The first op-amp used in the transimpedance stage only needs to have a bandwidth slightly exceeding the transimpedance gain bandwidth (the feedback resistor R1 together with the compensating cap C1, the capacitance of the photodiode C2, and the input-capacitance (not shown) of the op-amp form an RC low-pass filter). The AD8597 is marketed as "ultralow distortion/noise" and is fast enough (10 MHz). The second non-inverting op-amp needs a high gain-bandwidth-product (GBP) since we are amplifying ~100-fold here. The ADA4817 has a small-signal bandwidth of 1 GHz and GBP~400 MHz, so should work OK here.
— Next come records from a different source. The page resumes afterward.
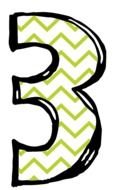 number 3 with green lines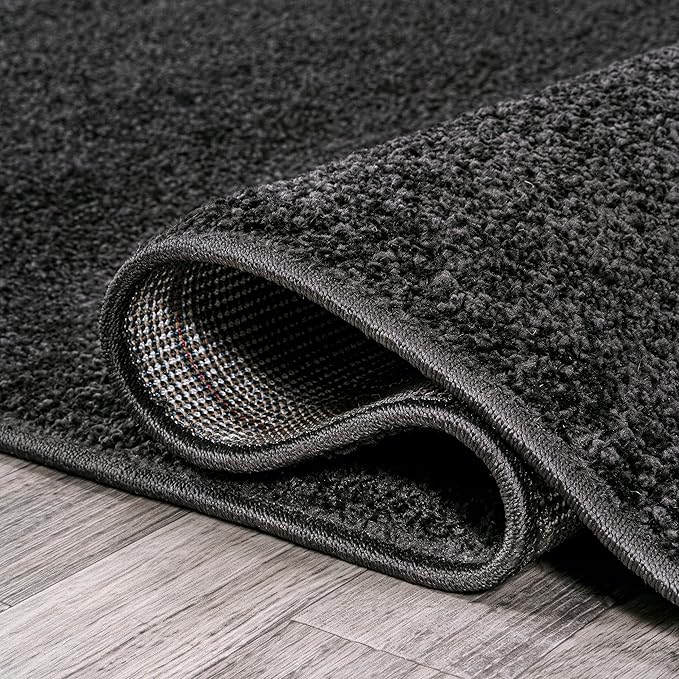 JONATHAN Y Haze Solid Low-Pile Black 8' Round Indoor Area Rug, Coastal,Bohemian,Minimalist,Classic, Easy-Cleaning for Living Room,Bedroom,Kitchen,Pet Friendly,Non-Shedding (SEU100I-8R)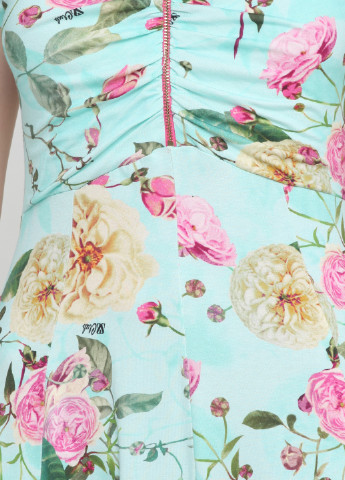 Мятное кэжуал платье клеш Sassofono с цветочным принтом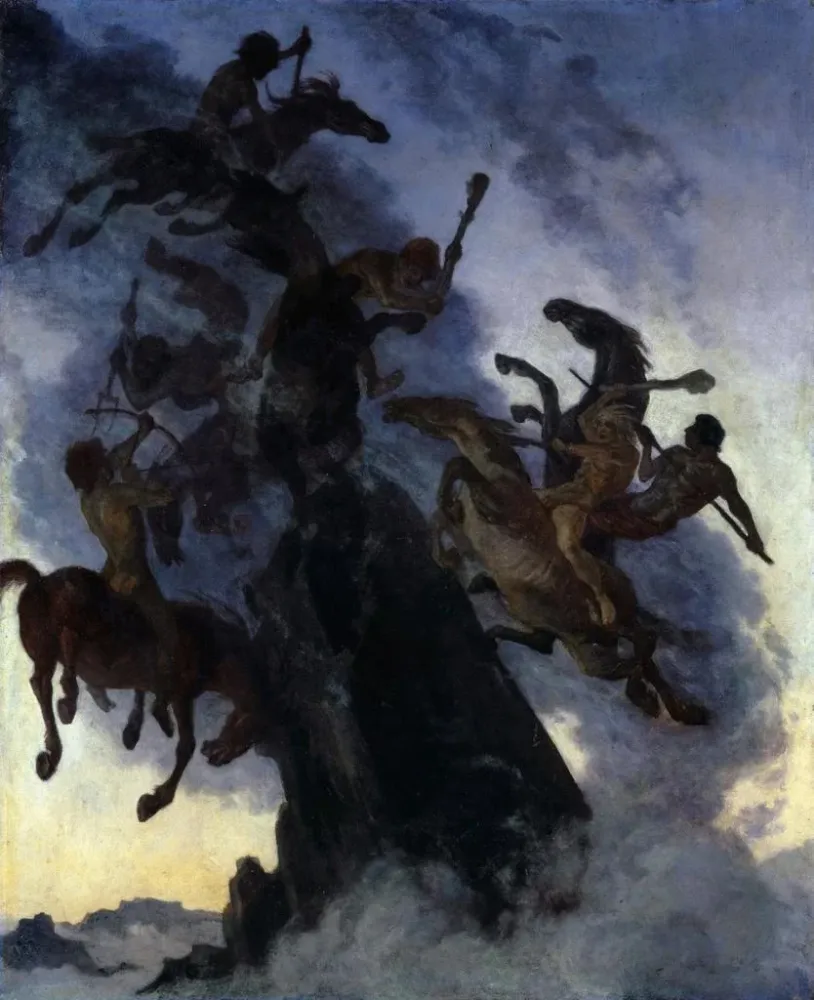 Maalaus Cavaliers dans la brume - Albert Welti | Taidetuloste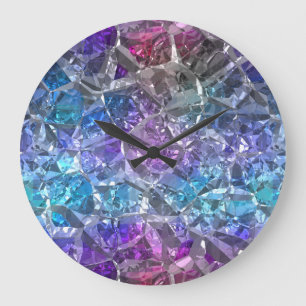 Grande Horloge Ronde Crystal multicolore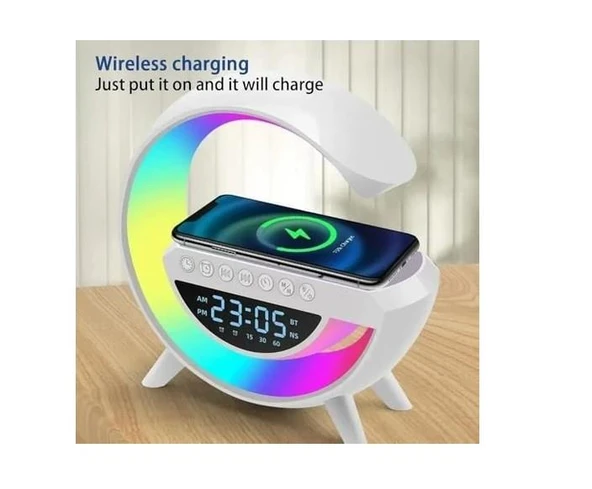 ablosuz Şarj Istasyonu Speaker Özellikli Led Işıklı Fm Radyolu Bluetooth Speaker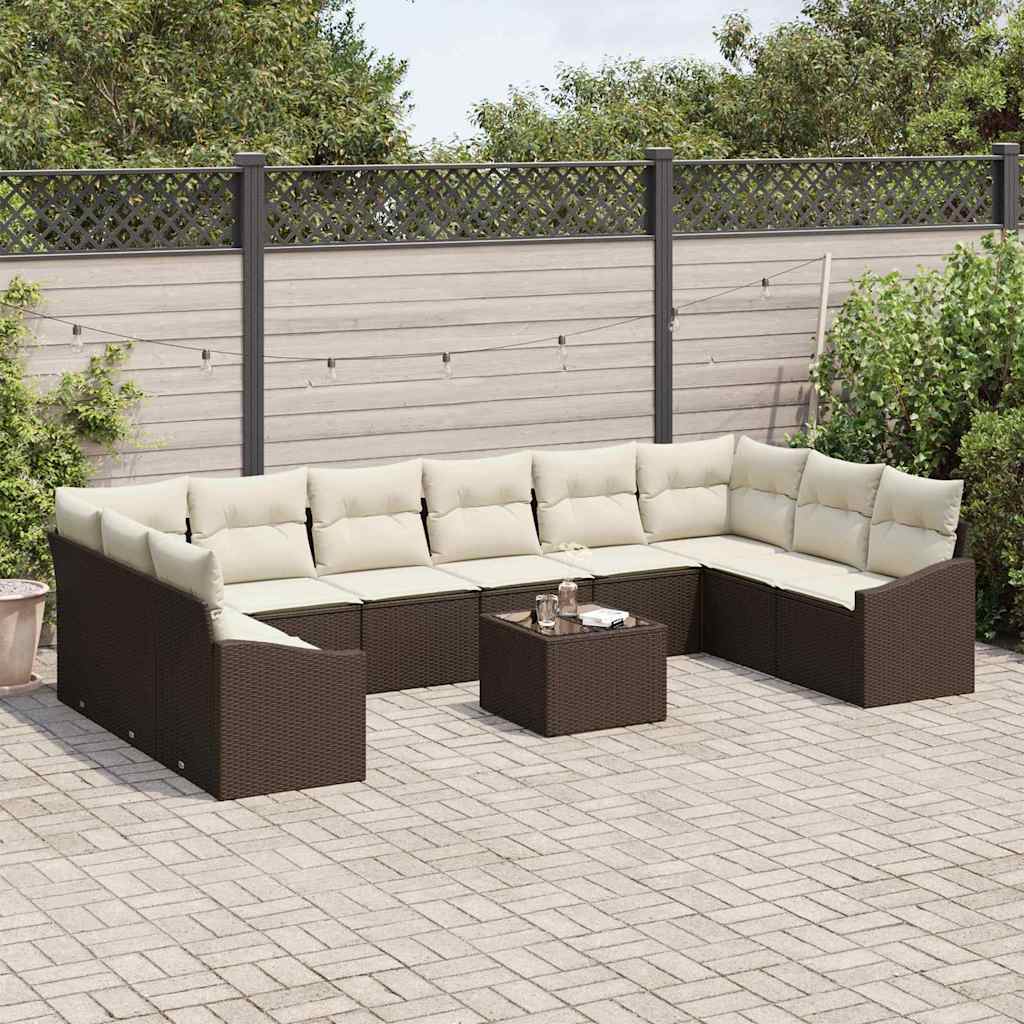 vidaXL 10-delige tuinset met kussens in grijs van poly rattan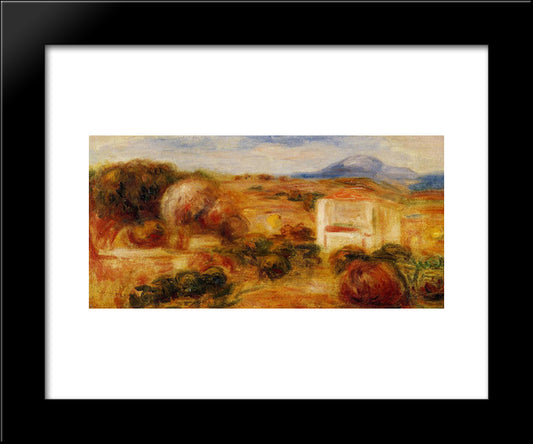 Landscape With White House 20x24 Black Modern Wood Framed Art Print Poster by Renoir, Pierre Auguste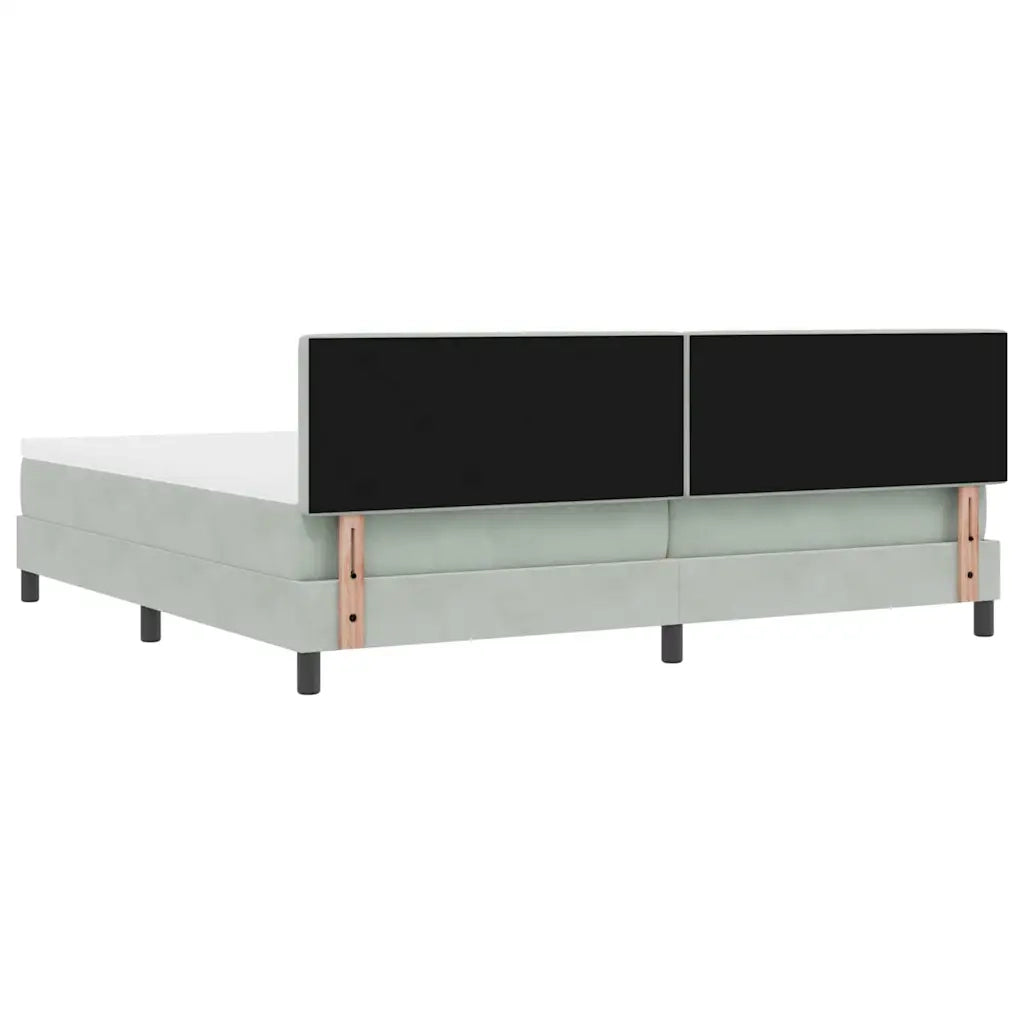Letto a molle con materasso Grigio chiaro 200 x 200 cm Velluto 3339260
A voltage of only 14 mV over the transimpedance-resistor is not ideal. The Johnson noise (which in principle a good designer can control/minimize) in the resistor will dominate over the shot noise (which we cannot avoid) in the optical signal. For shot-noise limited performance the rule of thumb is to make the voltage drop at least 51 mV (which will make Johnson and shot noise equal). Without tricks however that is not possible as here we have both a weak signal (2 uA of photocurrent), we want a high gain (1 kV/A in total), and we want to go fast (~3 MHz bandwidth)! If you relax any of those requirements (more power, less gain, slower response) it is straightforward to build a shot-noise limited amplifier in one or two stages.
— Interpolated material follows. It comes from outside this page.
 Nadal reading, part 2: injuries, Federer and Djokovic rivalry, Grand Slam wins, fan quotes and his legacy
The PCB, fresh from the mill:

pd_amp_pcb_2013feb8

Far right is a 3-pin TO-18 socket for the photodiode. Right-middle are the two op-amps with their feedback-resistors/caps, as well as two de-coupling caps for both +5V and -5V. Left-middle are 7805 and 7905 voltage regulators, and the BNC output-connector is far left. All the surface mount components are mounted on the top layer of the board, while the through-hole components are bottom-mounted. Resistors and caps are 1206-size. This PCB should fit the earlier enclosures I turned on the lathe.

Hopefully I will have time to assemble and test one or two of these next week. I should measure the actual frequency-response and compare it with the simulated one.
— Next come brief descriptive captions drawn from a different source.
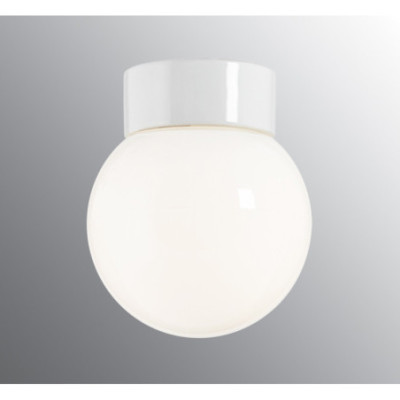 Biała lampa sufitowa, ścienna Classic Globe 150 LED 8W 3000K 800lm porcelanowa oprawa IP20 z mlecznym kloszem Ifö Electric
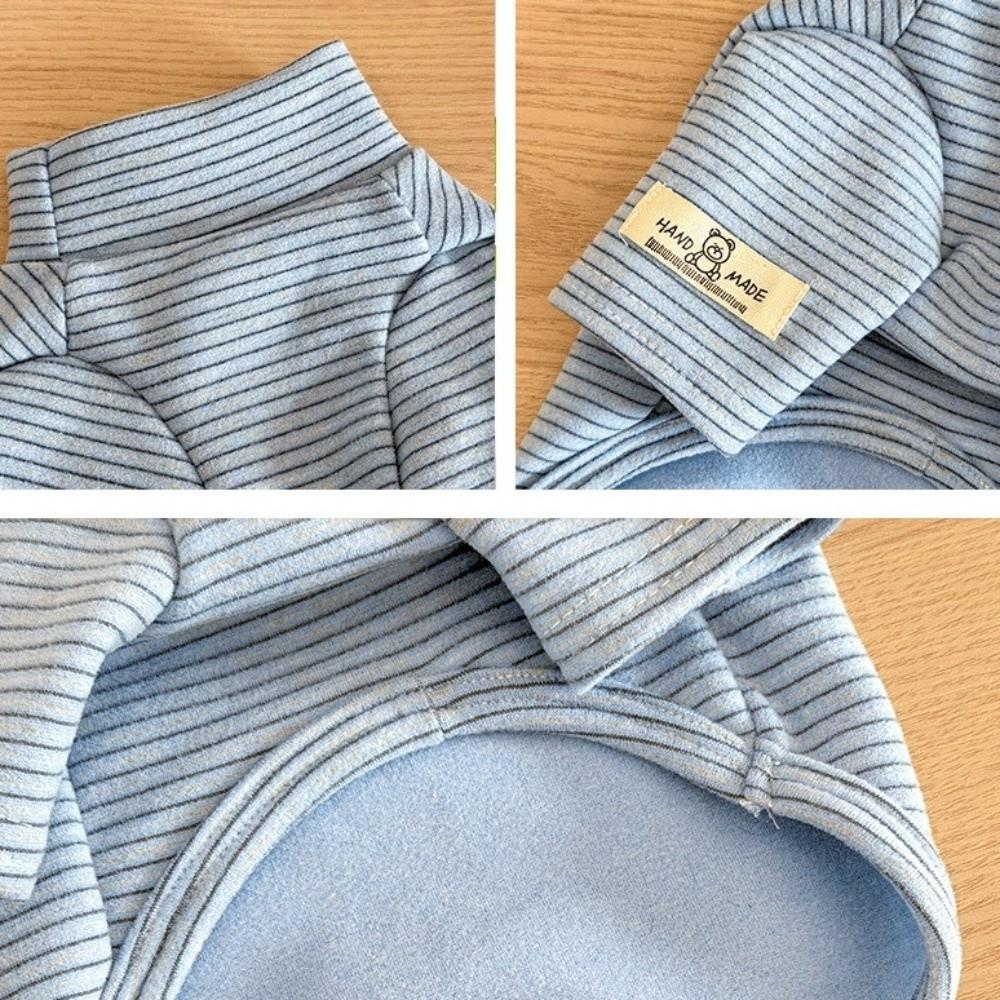 Striped Pattern Puppy Hoodies High Collar Pet Pullover Two-Leg Dog Clothes  Outdoor Protection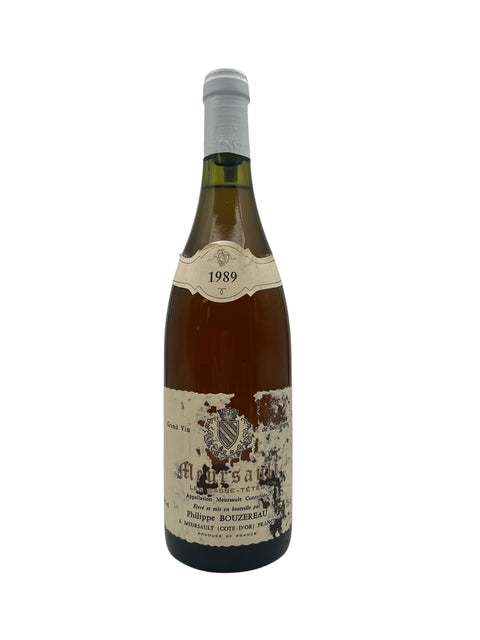 Flaske af Meursault Philippe Bouzereau 1989 hvidvin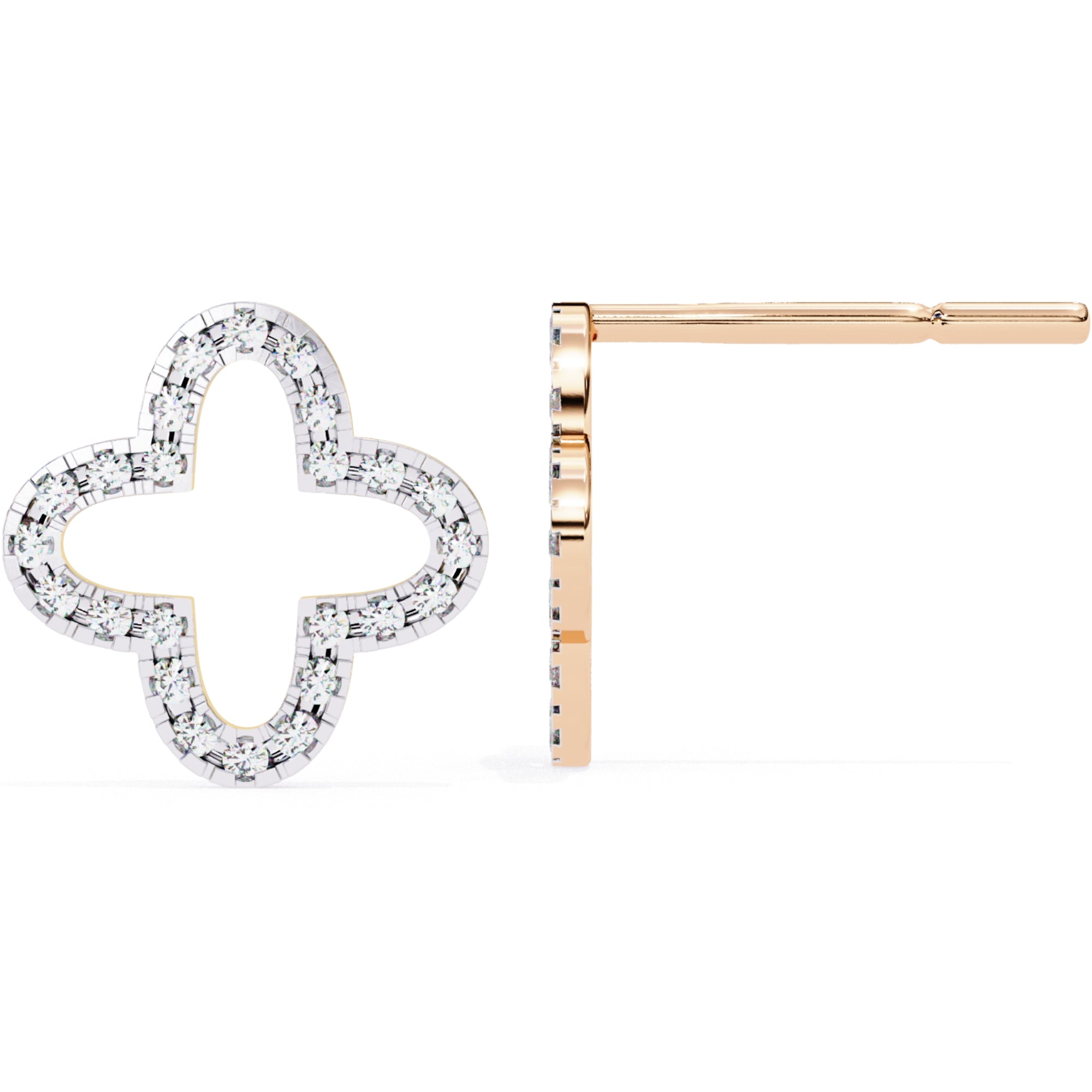 Cercei Star Stud din Aur 14k cu Moissanite Tăietură Briliant de 0.24 ct din 14K Aur Roz - Castelo.ro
A second photodiode amplifier PCB

I made this PCB for a second photodiode amplifier today. This one is designed for higher light-levels and higher bandwidth. I will post the schematics along with measurement data when I've tested the circuit.

beat_amp_pcb_bottom beat_amp_pcb_top

The V-cutter is designed to cut a slot that is nominally 8 mils (0.2 mm) wide, but the actual cut-width depends on how the z-axis is adjusted. Removing the ground-plane copper from under the high-speed op-amps is supposed to minimize stray capacitance.

Photodiode amplifier assembly

Some assembly of the PCB and enclosure for the first photodiode amplifier has happened today. Soldering the surface-mount components under a microscope was mostly easy - but trying to solder larger parts that require significant heating with the same tiny soldering iron used for small SMD parts was a mistake. The big parts were easy once I switched to a bigger soldering iron, but the BNC-connector was already a mess by then.

13010007

On the left a BNC connector. The black box in the middle is a DC-2-DC converter that produces +/-12VDC outputs from a single +9...18VDC input. The transimpedance amplifier on the right is based on an ADA4817 op-amp and is housed inside an RF screening can. On the far right is a white TO-18 socket for the photodiode.

13010009

The underside of the board has 7805 and 7905 voltage regulators that produce stable (hopefully!) +/-5V supply voltages for the op-amp.

13010010

Here two holes have been drilled in to the back-plate for the BNC-commector (ca 12.2 mm diameter) and a DC-input jack (5.5mm diameter with a 2.5mm pin). The PCB is attached to the back-plate and slides into the body, while the photodiode looks out through the hole of the face-plate.

The only setback was a disagreement between the 1-2-3 pin-sequence in the datasheet vs. my PCB-software for the SOT-89 packaged 7905 negative voltage regulator. If you look closely you can see it is soldered up-side-down on this board because the PCB footprint is wrong.